Data block:
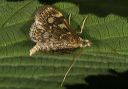 herpetogramma_thestialis460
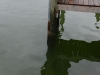 dscn4461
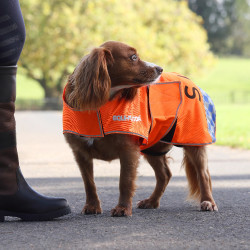 Cappotto cane alta visibilità equitazione | Equi-Clic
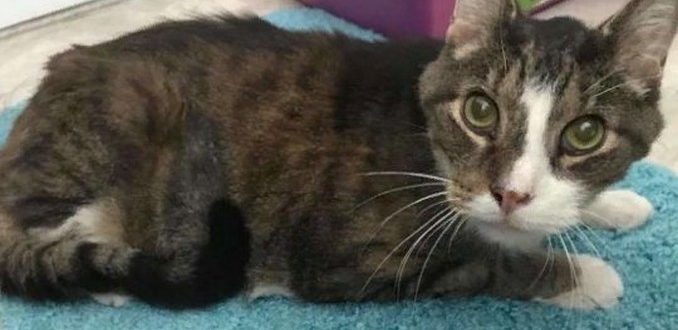 Le chat de 26 ans n’avait nulle part où aller jusqu’à ce qu’une femme le voie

Work task:
Copy everything in the listing above exactly except the pictures.

Output of the task:
 herpetogramma_thestialis460
 dscn4461
 Cappotto cane alta visibilità equitazione | Equi-Clic
 Le chat de 26 ans n’avait nulle part où aller jusqu’à ce qu’une femme le voie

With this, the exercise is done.